Awake isn't just asking the age-old question, "What is reality?" Or probing the notion that reality is what everybody agrees on, rather than something objective and external. Those are great questions to ask, but Awake goes a step further and asks whether one person, through sheer force of will, can't reshape reality to his own liking. For Michael Britten, living in two discrete versions of the world is simply an organizational problem. As long as he can keep his wife and son's coffee orders separate and keep track of the little details, he's golden.
But of course, he can't. This episode shows him unraveling more than ever. He accidentally addresses Vega as his partner, in the world where Vega is just a beat cop. He gets the phone bill disconnected and loses track of stuff.
And then there's the lingering unease from that conversation at the end of the previous episode — because Britten is basically doing what the serial killer told him to do. He's clinging to his delusion rather than waking up, because he feels on some level that his dual worlds is a kind of gift. A superpower, almost. It allows him to find stuff that nobody else can, and it also prevents him from having to swallow his grief over the death of either his wife or his son.
Even if Britten could manage to keep both worlds absolutely straight in his head — and get enough sleep to function, in both worlds — he can't keep doing this much longer.
In Red World, his wife Hannah is pushing him to move to Oregon, so they can start over and have a life away from their son Rex's shadow. (There's a super-moving scene where Hannah talks about how she sees some of Rex every time she looks at Michael, and she doesn't want to run away from that — she just wants them to have a life again.) Juggling the two worlds will get exponentially harder once he's waking up in two different cities, and it's possible that one or the other will just dissolve like the dream it is.
In Green World, Britten is once again failing as a dad. He screws up turning in a permission slip for Rex to go on a field trip, so Rex has to go to study hall for a whole day.

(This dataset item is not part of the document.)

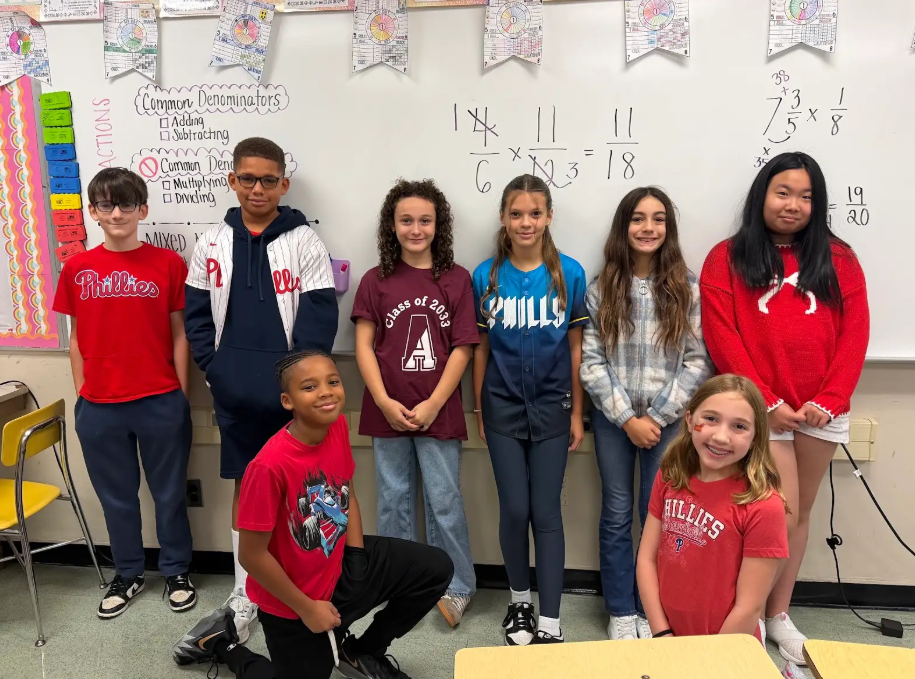 Image of Stingray 6th grade students school spirit event wearing phillies gear.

Rex has a girlfriend with hippie parents, who's sleeping over in Rex's room, and Britten doesn't even notice until he steals evidence from a case to give to her as a present. It's more of a problem for Britten to be flaky in Green World, because there he's a father, and he has responsibility for someone else. He can't just be a little bit checked out, when he's dealing with his son.
Oh, and Britten starts hallucinating a penguin in both worlds, either because Gabe injected him with ketamine or because he's losing his shit more and more. He also hallucinates that Dr. Lee gets to come inside the mental institution where he's locked up with the hostages, and he imagines several detailed conversations with Dr. Lee — who later mentions that he was outside in a secure location, the whole time.
So I'm really dying to see what happens next. How much longer can Britten maintain his determination to avoid breaking one of his worlds? Will he eventually concede that one world must, indeed, be a dream, and start actively trying to figure out which it is? How would you even go about proving that, short of acting like a crazy person? I don't even know what to hope for: that Britten remains stubbornly attached to his two worlds, like Number 6 defying the Village's attempts to break him, or that he finally decides to face reality. Whatever place that turns out to be.
I do know one thing, though — if you're not watching this show, you're missing quite possibly the coolest thing on network TV right now.